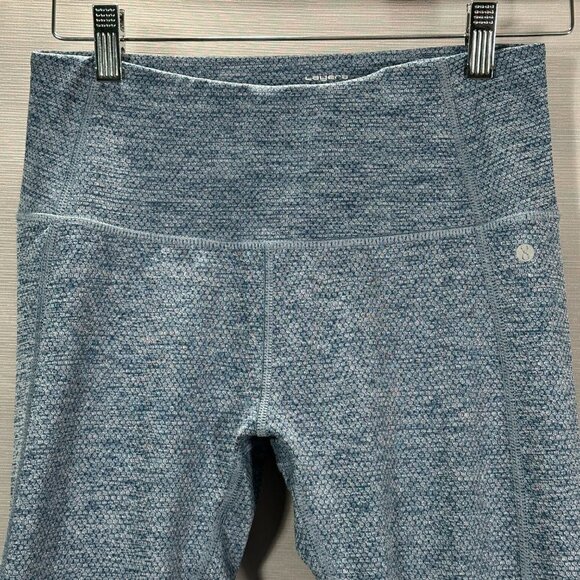 Layer 8 Compression Pants Womens Small Blue Stretch Print Waistband Pocket Run - Picture 2 of 8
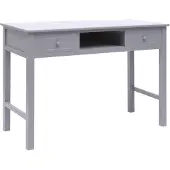 vidaXL Bureau gris 110×45×76 cm bois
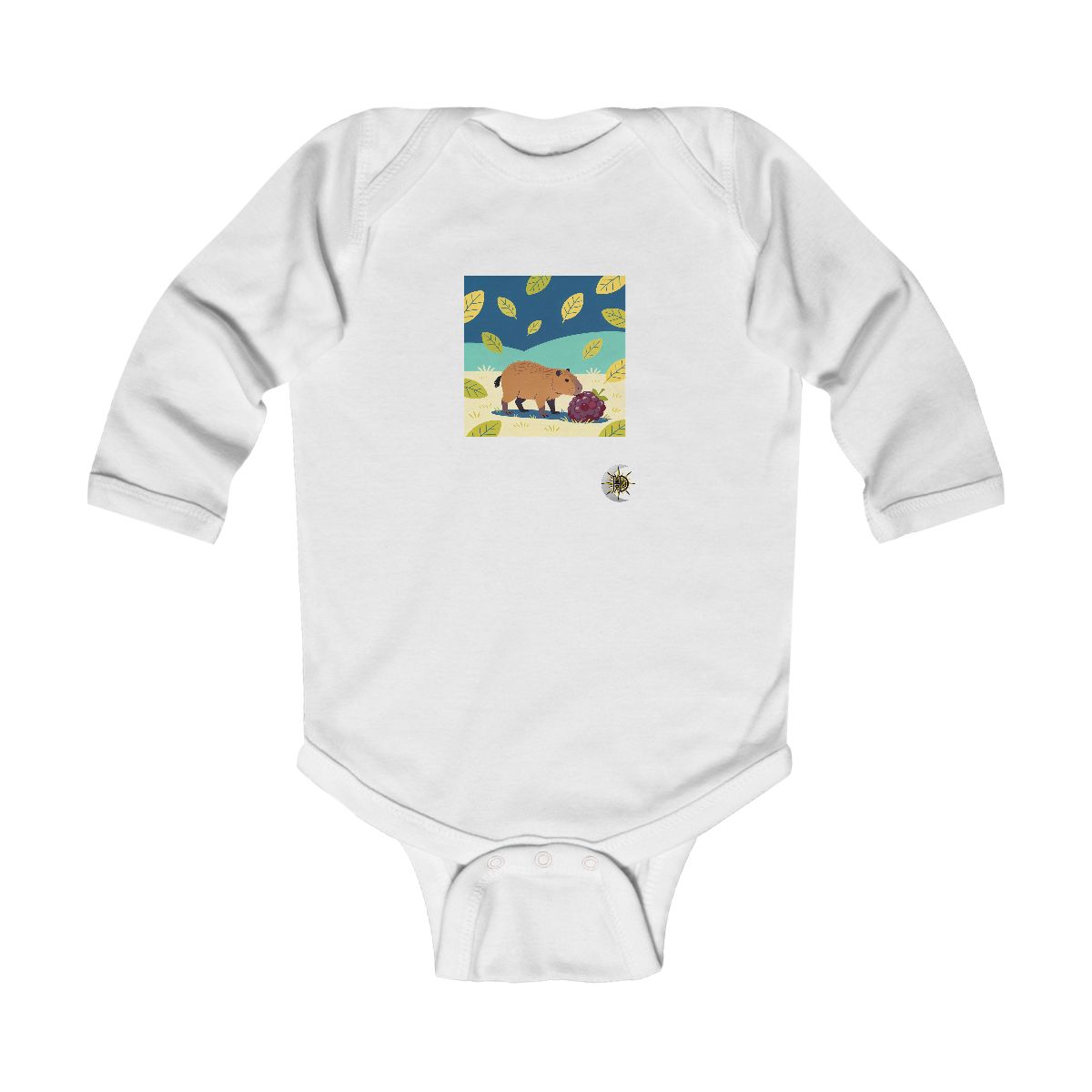 HD Capybara investigating an oversized berry Infant Long Sleeve Bodysuit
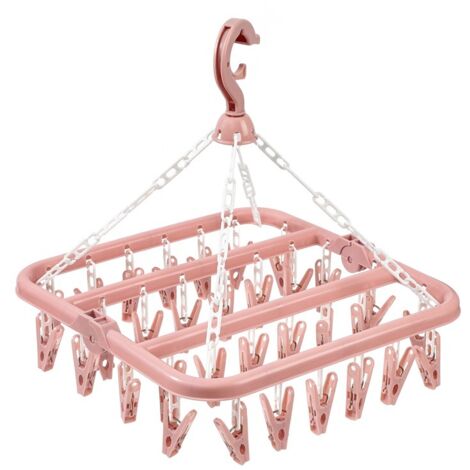 Sollbry Tendedero con 32 pinzas y perchero plegable (rosa) (1/3)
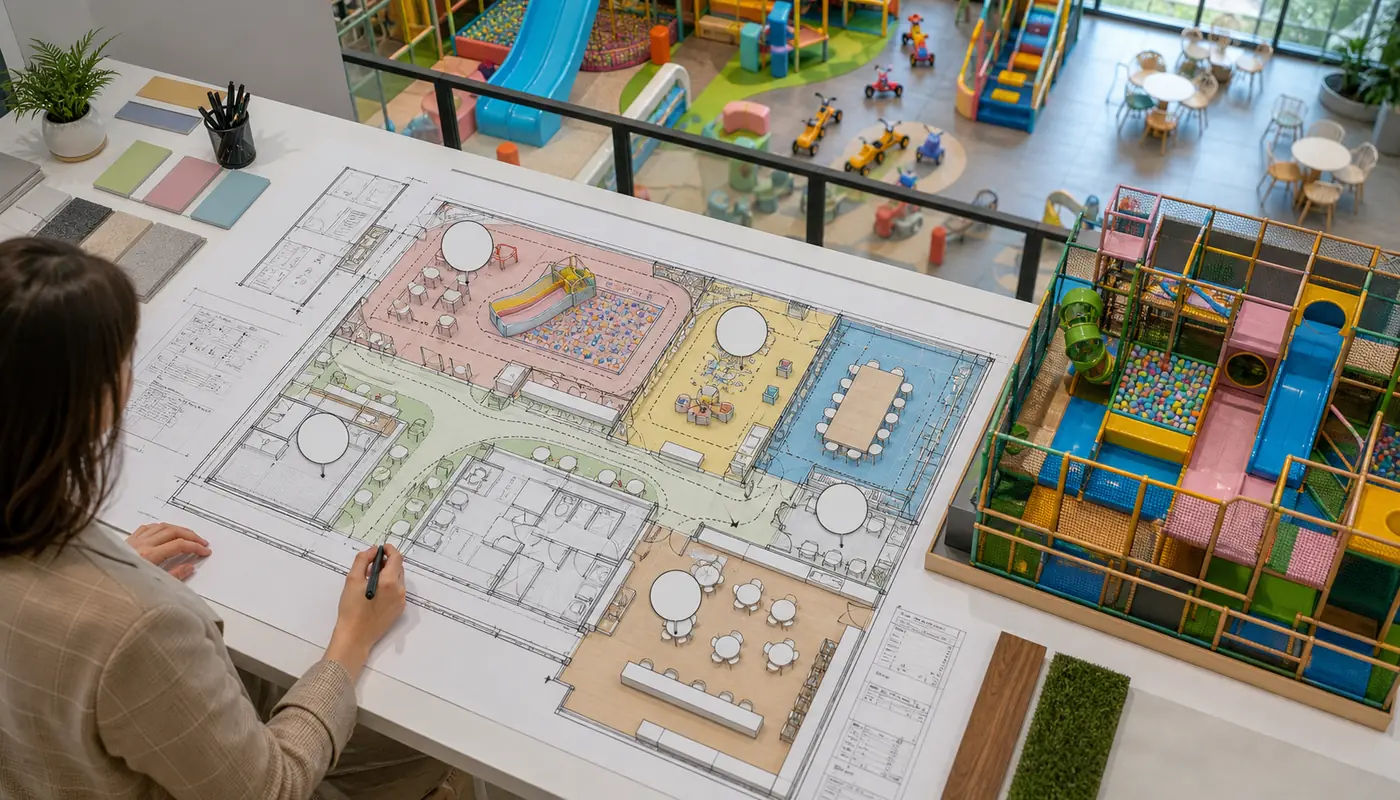 Indoor playground layout and capacity planning with zones for play, party rooms, cafe, and circulation.
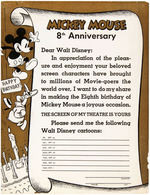 "MICKEY MOUSE 8th ANNIVERSARY" THEATER CARTOON ORDER SHEET.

• **EXERCISE DIRECTIONS**
Print exactly the lines from the one containing "HD Capybara investigating" through the last line of the records, both included, and leave out the pictures.

• **EXERCISE OUTPUT**
 HD Capybara investigating an oversized berry Infant Long Sleeve Bodysuit
 Sollbry Tendedero con 32 pinzas y perchero plegable (rosa) (1/3)
 Indoor playground layout and capacity planning with zones for play, party rooms, cafe, and circulation.
 "MICKEY MOUSE 8th ANNIVERSARY" THEATER CARTOON ORDER SHEET.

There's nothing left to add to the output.